**Data provided**
▼

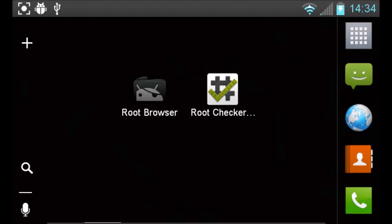Hey guys, Android Rooted Pro here. Today we're going to be unrooting our Android device, and fortunately for us it's going to be way easier to unroot the device than actually rooting it. The first thing you're going to need is Root Browser as well as Root Checker. You should already have these if you rooted your Android device using my method.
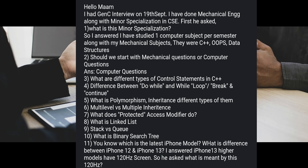Let's start with a mechanical engineering student's interview. He had his GenC interview on 19th September. He completed mechanical engineering along with a minor specialization in CSE. The interviewer asked about his minor specialization, and he replied that he took one computer subject per semester alongside mechanical subjects — covering C++, OOPs, and data structures.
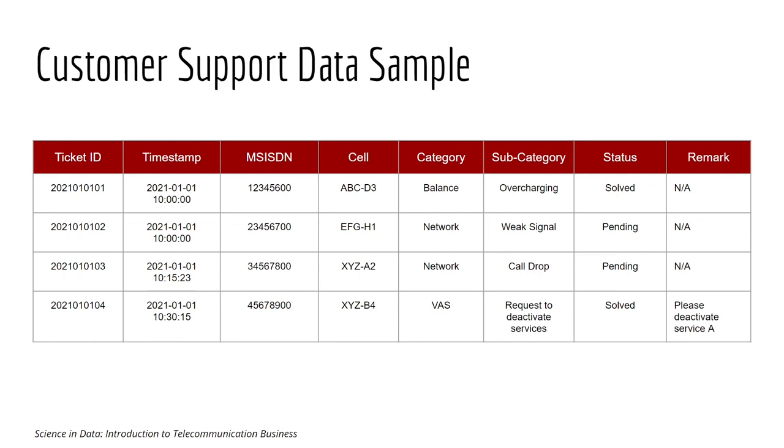Such as could be network issue, could be balance issue, and then the status of the issue, and also some remark wrote down by the agent.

▲

Print every line above exactly. Leave the pictures out.

**Answer below**
Hey guys, Android Rooted Pro here. Today we're going to be unrooting our Android device, and fortunately for us it's going to be way easier to unroot the device than actually rooting it. The first thing you're going to need is Root Browser as well as Root Checker. You should already have these if you rooted your Android device using my method.
Let's start with a mechanical engineering student's interview. He had his GenC interview on 19th September. He completed mechanical engineering along with a minor specialization in CSE. The interviewer asked about his minor specialization, and he replied that he took one computer subject per semester alongside mechanical subjects — covering C++, OOPs, and data structures.
Such as could be network issue, could be balance issue, and then the status of the issue, and also some remark wrote down by the agent.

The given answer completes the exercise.